Die Protestwelle gegen den Rechtsextremismus hält an in Nordrhein-Westfalen. Im Land gab es am vergangenen Wochenende etwa 40 Kundgebungen. In Düsseldorf gingen am Samstag laut Polizei 100.000 Menschen auf die Straße - damit war es die bisher größte Veranstaltung in NRW seit Beginn der Demonstrationen vor knapp zwei Wochen.
Aber auch in kleineren Orten gab es am Wochenende ungewöhnlich gut besuchte Demos. Allein im westlichen Münsterland protestierten laut Polizei am Samstag in Bocholt 8.000 bis 9.000 Menschen, in Borken etwa 4.500 und in Vreden rund 2.000.
Viel Zivilcourage nötig
Im bergischen Radevormwald zählte die Polizei am Sonntag "nur" 800 bis 1.000 Teilnehmer - angesichts einer Einwohnerzahl von gerade mal 22.000 sei die Demo aber ungewöhnlich gut besucht gewesen, sagt Fritz Ullmann vom Runden Tisch gegen Rechts. Die Teilnehmer hätten viel Zivilcourage bewiesen, meint Ullmann: "In einer Kleinstadt ist Demonstrieren eine andere Herausforderung als in der Großstadt."
Denn in Radevormwald gebe es eine aktive rechte Szene, die genau beobachte, wer sich auf der Gegenseite engagiert. Viele Menschen hätten deshalb Bedenken, sich offen gegen Rechtsextremismus zu stellen, so der Aktivist und ehemalige Ratsherr des Linken Forums.
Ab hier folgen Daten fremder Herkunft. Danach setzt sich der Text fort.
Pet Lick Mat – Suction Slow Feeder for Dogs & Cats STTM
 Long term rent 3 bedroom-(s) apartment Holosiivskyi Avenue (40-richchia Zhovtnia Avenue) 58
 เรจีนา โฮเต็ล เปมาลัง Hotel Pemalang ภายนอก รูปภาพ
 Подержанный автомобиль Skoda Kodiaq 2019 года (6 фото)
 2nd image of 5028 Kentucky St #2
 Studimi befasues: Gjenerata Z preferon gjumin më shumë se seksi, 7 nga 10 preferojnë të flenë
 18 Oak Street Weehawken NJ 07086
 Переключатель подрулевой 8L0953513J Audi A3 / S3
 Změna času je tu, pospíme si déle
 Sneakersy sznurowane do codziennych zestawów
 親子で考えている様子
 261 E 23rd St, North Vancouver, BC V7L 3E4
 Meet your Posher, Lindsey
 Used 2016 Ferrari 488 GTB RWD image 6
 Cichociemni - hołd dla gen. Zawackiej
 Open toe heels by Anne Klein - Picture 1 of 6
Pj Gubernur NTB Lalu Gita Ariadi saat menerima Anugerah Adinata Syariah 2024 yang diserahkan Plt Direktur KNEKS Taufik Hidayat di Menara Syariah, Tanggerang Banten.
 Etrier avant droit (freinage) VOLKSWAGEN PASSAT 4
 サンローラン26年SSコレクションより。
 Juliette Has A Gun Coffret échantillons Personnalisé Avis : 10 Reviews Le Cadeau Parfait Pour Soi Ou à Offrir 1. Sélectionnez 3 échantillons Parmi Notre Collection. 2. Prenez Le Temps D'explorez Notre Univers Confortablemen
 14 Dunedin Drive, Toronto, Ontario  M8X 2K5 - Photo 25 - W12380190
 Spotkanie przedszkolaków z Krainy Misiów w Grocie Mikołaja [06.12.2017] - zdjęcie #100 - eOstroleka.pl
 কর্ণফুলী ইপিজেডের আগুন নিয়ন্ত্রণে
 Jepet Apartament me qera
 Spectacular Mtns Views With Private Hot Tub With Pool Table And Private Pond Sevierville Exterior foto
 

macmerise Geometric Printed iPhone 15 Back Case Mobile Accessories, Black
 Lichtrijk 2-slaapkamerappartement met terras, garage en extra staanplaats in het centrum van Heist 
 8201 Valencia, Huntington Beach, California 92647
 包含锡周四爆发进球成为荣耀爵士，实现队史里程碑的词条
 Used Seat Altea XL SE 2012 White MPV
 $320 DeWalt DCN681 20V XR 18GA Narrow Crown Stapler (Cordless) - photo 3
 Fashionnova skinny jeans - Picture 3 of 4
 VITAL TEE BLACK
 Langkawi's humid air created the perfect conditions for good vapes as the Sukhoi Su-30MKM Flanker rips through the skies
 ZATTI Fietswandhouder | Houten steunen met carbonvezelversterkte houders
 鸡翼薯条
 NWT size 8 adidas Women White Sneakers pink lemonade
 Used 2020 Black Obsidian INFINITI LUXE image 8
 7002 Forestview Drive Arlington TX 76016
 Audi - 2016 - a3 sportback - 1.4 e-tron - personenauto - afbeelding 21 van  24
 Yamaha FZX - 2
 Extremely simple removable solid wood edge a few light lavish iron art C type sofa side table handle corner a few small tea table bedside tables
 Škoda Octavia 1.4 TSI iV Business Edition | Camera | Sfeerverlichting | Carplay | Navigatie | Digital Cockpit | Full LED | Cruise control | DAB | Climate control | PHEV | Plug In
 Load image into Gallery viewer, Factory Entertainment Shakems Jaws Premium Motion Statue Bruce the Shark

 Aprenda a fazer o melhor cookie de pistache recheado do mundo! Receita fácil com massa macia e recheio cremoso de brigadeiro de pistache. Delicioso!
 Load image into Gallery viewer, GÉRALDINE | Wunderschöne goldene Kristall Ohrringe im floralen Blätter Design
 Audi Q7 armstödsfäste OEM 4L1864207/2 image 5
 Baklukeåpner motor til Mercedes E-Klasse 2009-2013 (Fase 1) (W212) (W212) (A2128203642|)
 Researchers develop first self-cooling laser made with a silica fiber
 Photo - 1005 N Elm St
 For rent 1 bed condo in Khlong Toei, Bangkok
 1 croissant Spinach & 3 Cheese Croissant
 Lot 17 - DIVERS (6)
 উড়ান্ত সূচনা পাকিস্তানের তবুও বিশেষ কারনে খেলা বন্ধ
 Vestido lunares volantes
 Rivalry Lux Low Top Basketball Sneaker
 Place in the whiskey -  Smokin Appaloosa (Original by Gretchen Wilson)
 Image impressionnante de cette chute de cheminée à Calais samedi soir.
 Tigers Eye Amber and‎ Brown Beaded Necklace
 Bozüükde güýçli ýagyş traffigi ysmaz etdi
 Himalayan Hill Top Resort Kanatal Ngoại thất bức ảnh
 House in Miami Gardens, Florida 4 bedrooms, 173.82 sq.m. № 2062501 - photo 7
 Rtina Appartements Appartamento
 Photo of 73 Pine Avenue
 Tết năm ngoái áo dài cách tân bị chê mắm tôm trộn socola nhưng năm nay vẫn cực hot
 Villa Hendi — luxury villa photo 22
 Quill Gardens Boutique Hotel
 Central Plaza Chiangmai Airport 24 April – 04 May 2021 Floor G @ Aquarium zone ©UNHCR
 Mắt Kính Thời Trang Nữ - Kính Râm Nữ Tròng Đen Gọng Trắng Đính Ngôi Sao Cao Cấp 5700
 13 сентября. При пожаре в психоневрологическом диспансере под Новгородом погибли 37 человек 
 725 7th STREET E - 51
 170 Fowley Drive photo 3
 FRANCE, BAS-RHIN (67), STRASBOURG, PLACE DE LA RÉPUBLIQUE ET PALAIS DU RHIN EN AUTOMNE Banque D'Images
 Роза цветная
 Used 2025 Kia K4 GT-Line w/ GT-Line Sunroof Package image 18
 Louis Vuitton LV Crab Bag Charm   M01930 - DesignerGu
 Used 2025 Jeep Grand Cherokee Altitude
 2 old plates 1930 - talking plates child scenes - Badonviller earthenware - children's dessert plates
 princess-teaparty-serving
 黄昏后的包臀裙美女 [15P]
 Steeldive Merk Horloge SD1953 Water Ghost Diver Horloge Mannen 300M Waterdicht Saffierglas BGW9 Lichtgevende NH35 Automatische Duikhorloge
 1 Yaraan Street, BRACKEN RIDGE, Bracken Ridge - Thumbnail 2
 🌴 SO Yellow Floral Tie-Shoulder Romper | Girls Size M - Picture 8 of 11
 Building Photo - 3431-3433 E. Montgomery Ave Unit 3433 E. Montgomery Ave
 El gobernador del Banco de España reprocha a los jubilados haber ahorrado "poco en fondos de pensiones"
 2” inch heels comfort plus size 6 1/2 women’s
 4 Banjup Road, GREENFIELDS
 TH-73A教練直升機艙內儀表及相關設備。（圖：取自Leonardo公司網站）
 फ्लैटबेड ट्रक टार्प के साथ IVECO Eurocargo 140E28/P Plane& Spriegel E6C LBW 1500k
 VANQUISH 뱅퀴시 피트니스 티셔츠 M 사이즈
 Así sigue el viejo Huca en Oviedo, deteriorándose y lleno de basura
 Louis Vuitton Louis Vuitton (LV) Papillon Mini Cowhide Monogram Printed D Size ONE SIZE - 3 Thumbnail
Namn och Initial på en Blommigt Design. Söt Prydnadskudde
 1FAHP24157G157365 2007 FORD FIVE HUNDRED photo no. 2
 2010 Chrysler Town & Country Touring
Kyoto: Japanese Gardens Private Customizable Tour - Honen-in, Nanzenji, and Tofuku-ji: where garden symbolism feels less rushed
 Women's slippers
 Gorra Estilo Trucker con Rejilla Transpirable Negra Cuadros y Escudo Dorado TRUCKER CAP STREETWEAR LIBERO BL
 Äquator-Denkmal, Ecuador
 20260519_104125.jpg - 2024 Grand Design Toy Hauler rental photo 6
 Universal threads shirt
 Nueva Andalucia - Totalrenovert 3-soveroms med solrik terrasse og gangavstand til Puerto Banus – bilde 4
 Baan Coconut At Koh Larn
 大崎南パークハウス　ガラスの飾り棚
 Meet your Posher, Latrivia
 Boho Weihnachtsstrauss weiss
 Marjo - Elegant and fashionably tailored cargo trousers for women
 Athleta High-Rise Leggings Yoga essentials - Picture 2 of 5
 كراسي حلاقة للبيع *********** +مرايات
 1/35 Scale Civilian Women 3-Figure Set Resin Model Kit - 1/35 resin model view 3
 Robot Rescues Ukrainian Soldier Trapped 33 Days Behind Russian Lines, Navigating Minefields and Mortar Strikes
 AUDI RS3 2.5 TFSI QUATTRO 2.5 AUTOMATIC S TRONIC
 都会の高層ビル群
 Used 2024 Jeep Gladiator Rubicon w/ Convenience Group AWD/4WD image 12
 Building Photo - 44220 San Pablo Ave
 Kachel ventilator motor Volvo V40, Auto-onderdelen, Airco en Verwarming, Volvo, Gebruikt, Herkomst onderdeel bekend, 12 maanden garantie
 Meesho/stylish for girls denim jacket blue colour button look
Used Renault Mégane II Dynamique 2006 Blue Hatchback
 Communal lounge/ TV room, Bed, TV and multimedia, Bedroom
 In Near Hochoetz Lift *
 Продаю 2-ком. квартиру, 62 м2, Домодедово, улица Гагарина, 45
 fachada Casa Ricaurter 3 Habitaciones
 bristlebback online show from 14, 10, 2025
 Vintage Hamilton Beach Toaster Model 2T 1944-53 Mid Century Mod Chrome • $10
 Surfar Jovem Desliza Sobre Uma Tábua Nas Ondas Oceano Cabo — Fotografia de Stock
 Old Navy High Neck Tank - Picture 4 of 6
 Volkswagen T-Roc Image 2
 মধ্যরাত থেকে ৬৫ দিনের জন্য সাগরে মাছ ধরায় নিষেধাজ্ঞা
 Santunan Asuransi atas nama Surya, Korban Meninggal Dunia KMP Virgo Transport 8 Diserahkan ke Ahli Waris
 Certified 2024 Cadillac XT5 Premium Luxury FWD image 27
Impuls von ganz "normalen Bürgern"
Im oberbergischen Morsbach hatten am Samstag rund 800 Menschen gegen die AfD demonstriert. "Der Wunsch, Flagge zu zeigen, kam dabei nicht von uns aus der Politik", sagt Sebastian Schneider, Mit-Organisator und SPD-Ortsvereinsvorsitzender, "sondern von ganz normalen Bürgern".
Demos seien nichts Alltägliches in seiner kleinen Stadt, meint Schneider. In der jüngsten Vergangenheit habe es nur nach dem Überfall Russlands auf die Ukraine eine ähnlich große Kundgebung gegeben. Das zeige, wie groß die Sorge über das Erstarken der AfD sei, auch und besonders in bürgerlichen Kreisen.
Protestforscher: Effekt der Demos auf dem Land besonders hoch
Der Erfolg der Demos in ländlichen Regionen sei ungewöhnlich groß, sagt Tareq Sydiq, der am Zentrum für Konfliktforschung in Marburg zu Protestbewegungen forscht. Das zeige, wie groß die Empörung über die mutmaßlichen "Deportationspläne" der AfD sei - gerade in der Mitte der Gesellschaft.
"Interessant finde ich vor allem, dass ein übliches Narrativ von rechtsaußen gerade widerlegt wird", meint Sydiq. Der Protest gehe diesmal eben nicht nur von links-alternativen Kräften in den Großstädten aus. Und der Effekt der kleinen Demos auf dem Land dürfe nicht unterschätzt werden: "Proteste in der unmittelbaren Nachbarschaft werden stärker wahrgenommen als Massendemos in Berlin."
Insgesamt könne die Beteiligung der Landbevölkerung an den Protesten sogar einen echten Unterschied machen, sagt Sydiq. "Wenn Leute, denen ich vertraue und die ich persönlich kenne, sich an Protesten beteiligen, hat das einen ganz anderen Effekt, als wenn ich das nur in den Medien verfolge."